# Other Aquarium Forums > Freshwater Fauna > Livebearers >  Black molly gave birth... What to do with the babies??

## Janicepj

Hi, I just bought a black molly yesterday, and I thought it looked pregnant. Turns out, I was right. Overnight, there are about 10 new fry swimming about in my tank. Can I know what do I do with the babies when it matures to adult? I have no intention of keeping that many black molly, and I certainly don't have a tank to hold that many as well. I read that black molly can store sperm for months so there is a possibility that I will end up with a LOT of fish. 

Is there a way where I can give the fish away? Maybe to a LFS or something? If so, which ones in Singapore will take them?

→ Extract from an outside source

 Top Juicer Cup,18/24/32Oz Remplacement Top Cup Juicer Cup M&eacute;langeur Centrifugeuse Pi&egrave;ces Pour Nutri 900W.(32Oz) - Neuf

I'm thinking of maybe asking people on this forum whether they would want the baby when the baby is older, maybe when it's 3 months or so. Do you think there will be people who will take them?

Thanks!

----------


## mukyo

can donate to me.  :Smile: 


-----------------------------------------
Visit and comment my L Tank and S Tank... <-- Click click !!
Thank you  :Smile:

----------


## Janicepj

> can donate to me. 
> 
> 
> -----------------------------------------
> Visit and comment my L Tank and S Tank... <-- Click click !!
> Thank you


Really? Yay! Because I was quite troubled over this. How many do you want? I have about 11-12 fry now I think. Do you want them now or wait until they are a bit older?

----------